DATA PROVIDED: Begin

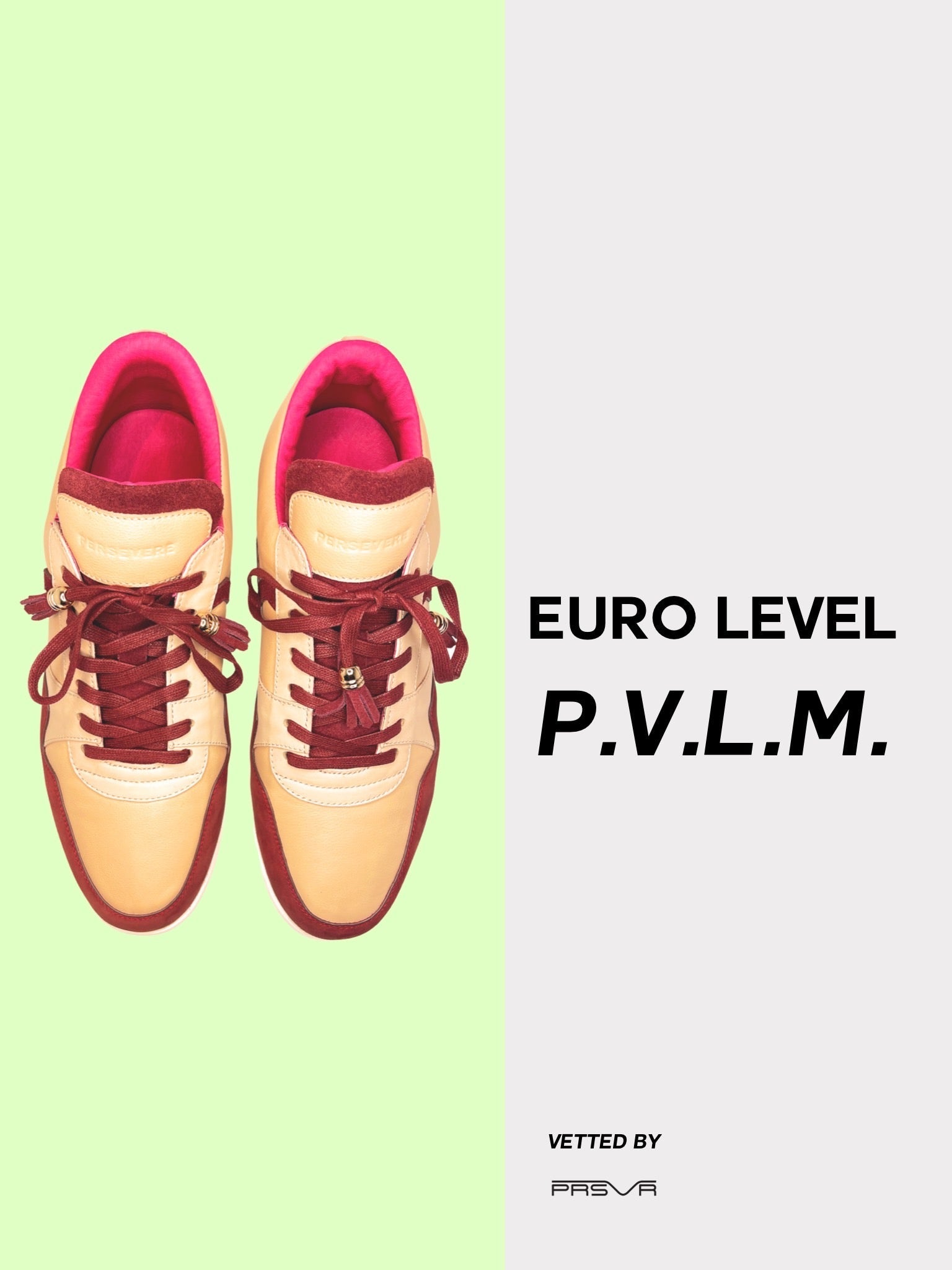 European Level PVLM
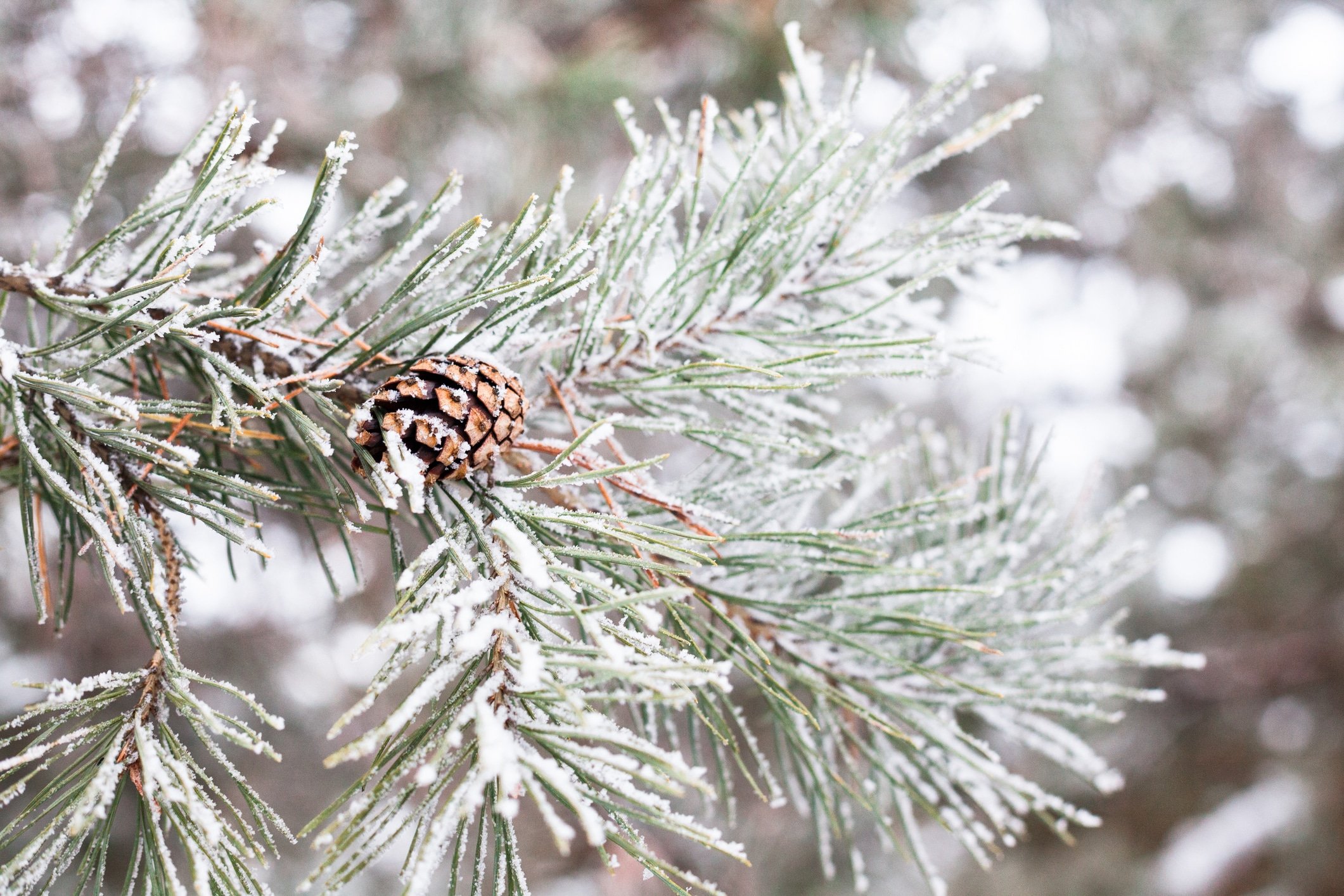 Winter Evergreen Protection in PA & NJ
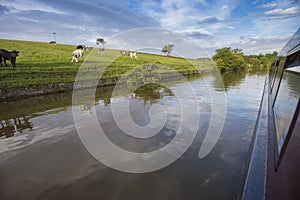 Herd of domestic cattle livestock next to canal in rural setting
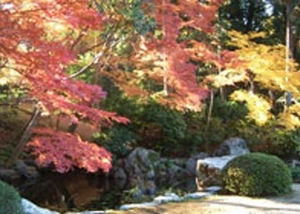 臥雲山即宗院 写真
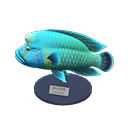 Napoleonfish Model Animal Crossing New Horizons | ACNH Critter - ACNHMALL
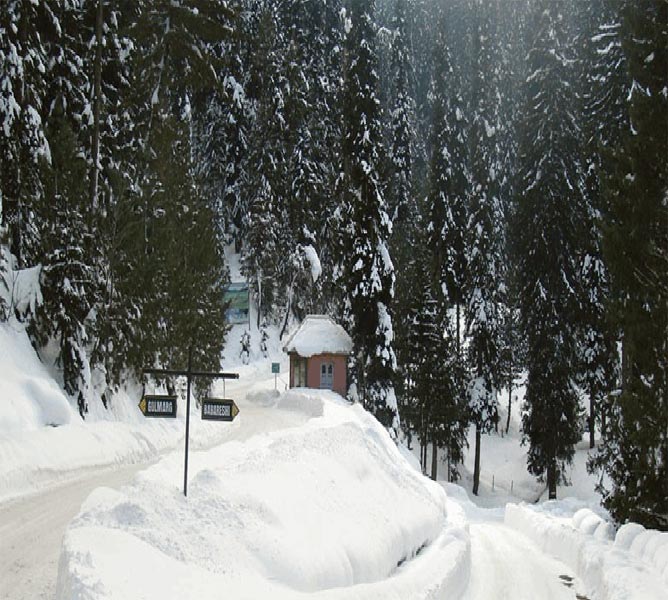 Kashmir Family Vacations Tour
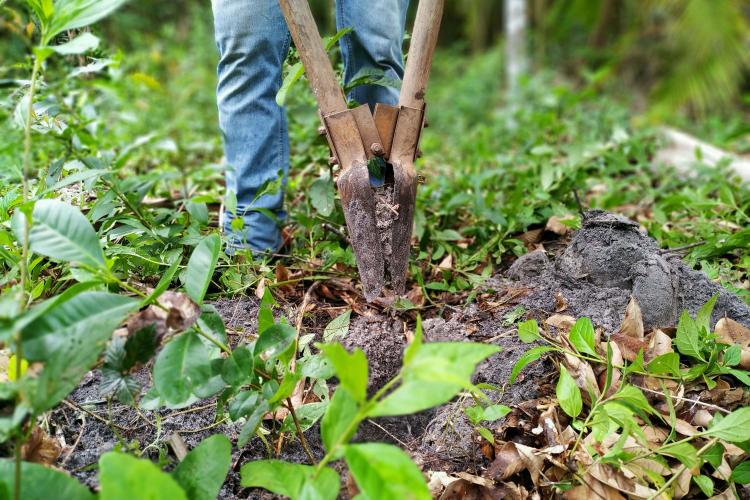 Programas e ações de conservação e restauração garantem a biodiversidade do Paraná. Foto: Denis Ferreira Netto/SEDEST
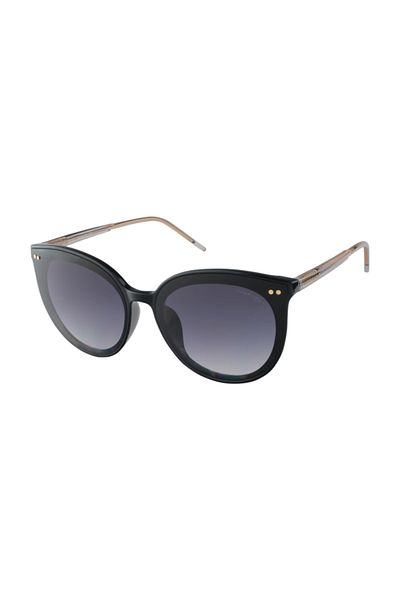 Despada Ds 1881 C1 Model Sunglasses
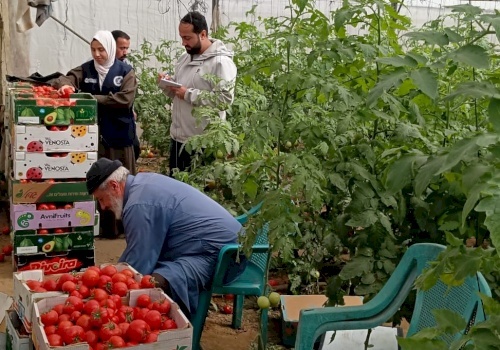 Video: Gaza Agricultural Recovery Initiative 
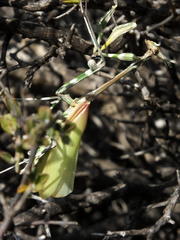 Empusa binotata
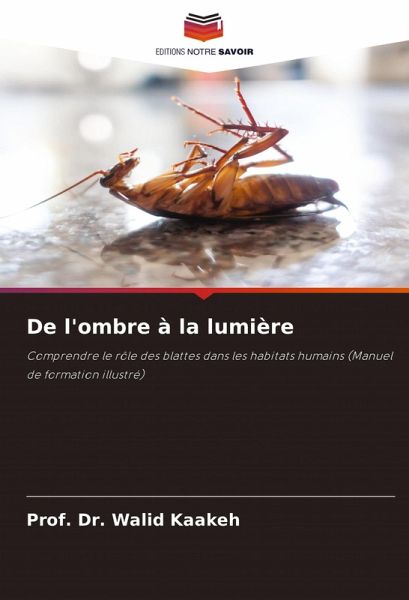 De l'ombre à la lumière De l'ombre à la lumière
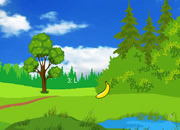 Meadow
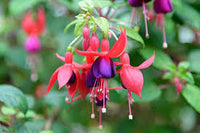 Blue Red Fuchsia Flower seeds for Planting Wildflower Mix Heirloom & GMO Free Seeds for Home Garden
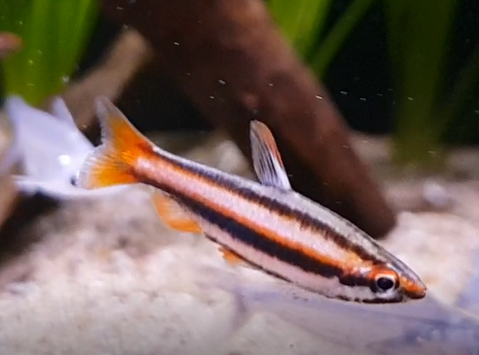 Nannostomus mortenthaleri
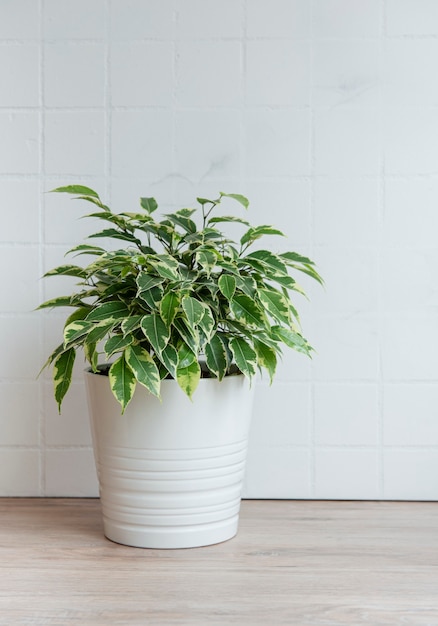 Ficus benjamin on the table, house plants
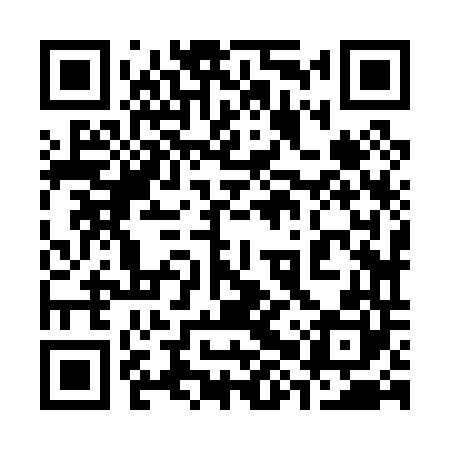 QR code for 38Z040
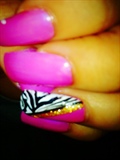 pink &amp; zebra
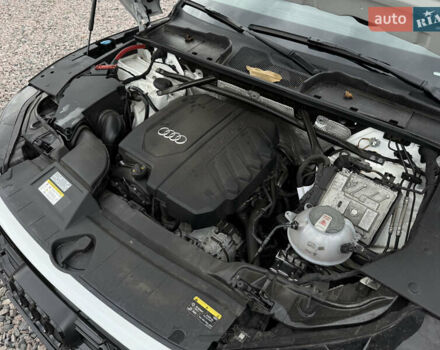 Білий Ауді Ку 5, об'ємом двигуна 1.98 л та пробігом 18 тис. км за 39500 $, фото 45 на Automoto.ua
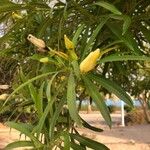 Thevetia neriifolia Flor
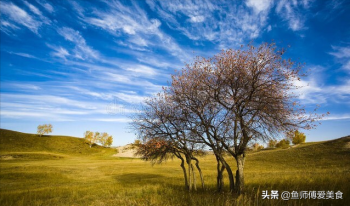 秋天吃什么(适合秋天吃的菜谱大全)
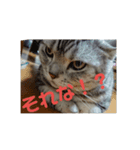 男子高校生の飼い猫with鹿（個別スタンプ：2）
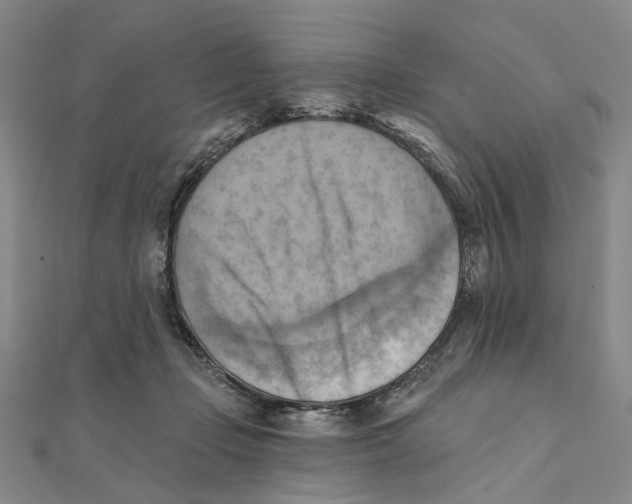 X0000111360365200908071158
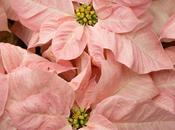 Soft Pink Poinsettias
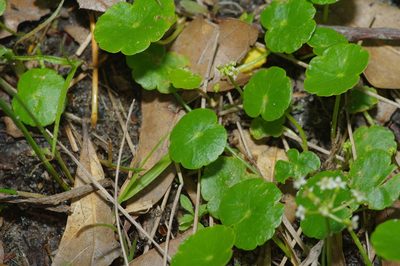 Hydrocotyle umbellata, photographed by Michelle W. （鍾偉瑋）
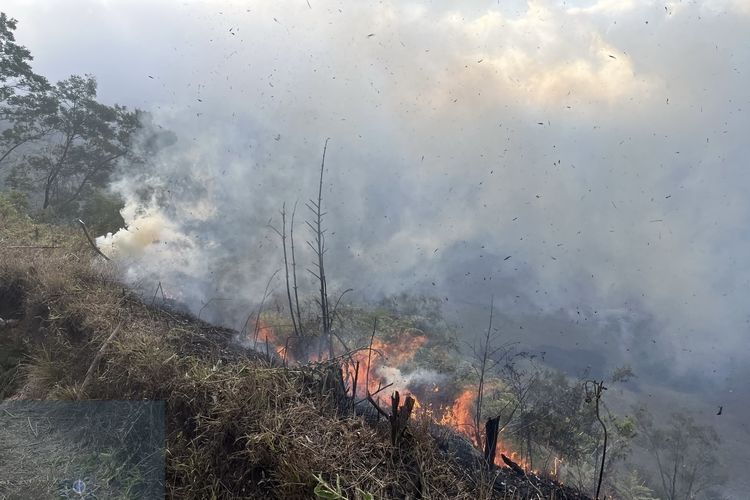 Kebakaran Gunung Bromo Meluas, Api Mulai Mengarah ke Savana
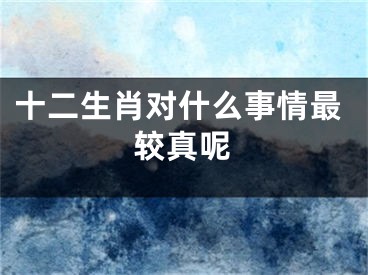 十二生肖对什么事情最较真呢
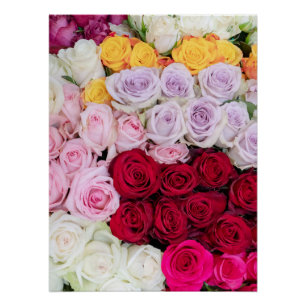 Póster Rosas Mistas Coloridas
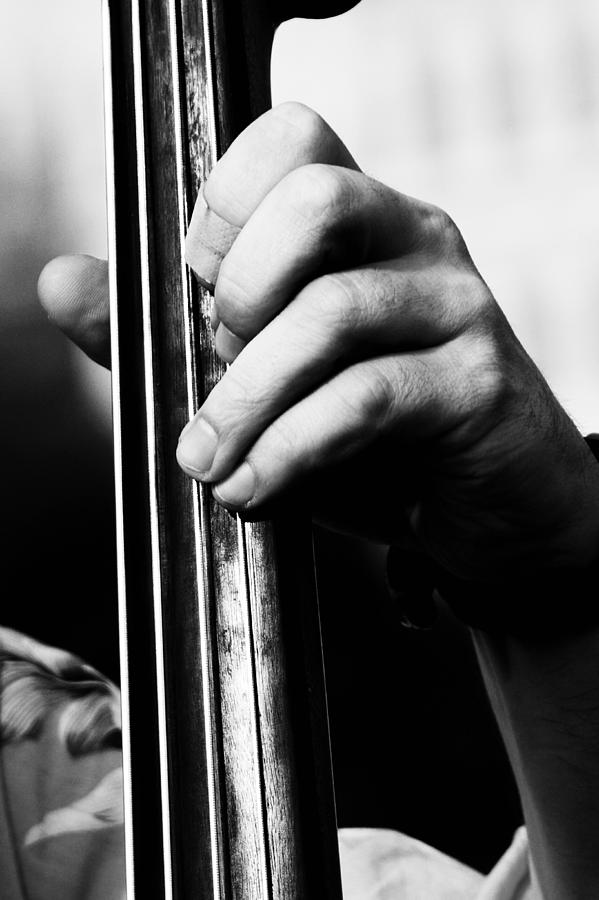 Bass Photograph by Emanuele Spano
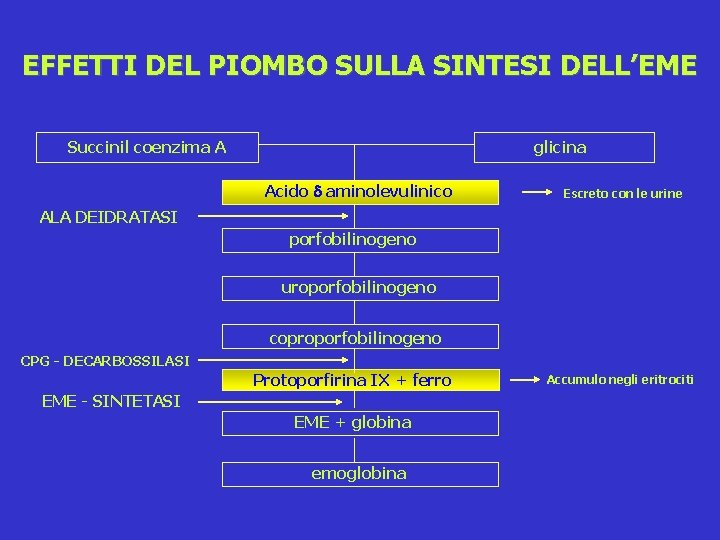 EFFETTI DEL PIOMBO SULLA SINTESI DELL’EME Succinil coenzima A glicina Acido aminolevulinico Escreto con EFFETTI DEL PIOMBO SULLA SINTESI DELL’EME Succinil coenzima A glicina Acido aminolevulinico Escreto con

DATA PROVIDED: End

__ACTION ITEM__.
Output the entries above exactly, without their pictures.

__ANSWER SECTION__.
 European Level PVLM
 Winter Evergreen Protection in PA & NJ
 Herd of domestic cattle livestock next to canal in rural setting
 臥雲山即宗院 写真
 Napoleonfish Model Animal Crossing New Horizons | ACNH Critter - ACNHMALL
 Kashmir Family Vacations Tour
 Programas e ações de conservação e restauração garantem a biodiversidade do Paraná. Foto: Denis Ferreira Netto/SEDEST
 Despada Ds 1881 C1 Model Sunglasses
 Video: Gaza Agricultural Recovery Initiative 
 Empusa binotata
 De l'ombre à la lumière De l'ombre à la lumière
 Meadow
 Blue Red Fuchsia Flower seeds for Planting Wildflower Mix Heirloom & GMO Free Seeds for Home Garden
 Nannostomus mortenthaleri
 Ficus benjamin on the table, house plants
 QR code for 38Z040
 pink &amp; zebra
 Білий Ауді Ку 5, об'ємом двигуна 1.98 л та пробігом 18 тис. км за 39500 $, фото 45 на Automoto.ua
 Thevetia neriifolia Flor
 秋天吃什么(适合秋天吃的菜谱大全)
 男子高校生の飼い猫with鹿（個別スタンプ：2）
 X0000111360365200908071158
 Soft Pink Poinsettias
 Hydrocotyle umbellata, photographed by Michelle W. （鍾偉瑋）
 Kebakaran Gunung Bromo Meluas, Api Mulai Mengarah ke Savana
 十二生肖对什么事情最较真呢
 Póster Rosas Mistas Coloridas
 Bass Photograph by Emanuele Spano
 EFFETTI DEL PIOMBO SULLA SINTESI DELL’EME Succinil coenzima A glicina Acido aminolevulinico Escreto con EFFETTI DEL PIOMBO SULLA SINTESI DELL’EME Succinil coenzima A glicina Acido aminolevulinico Escreto con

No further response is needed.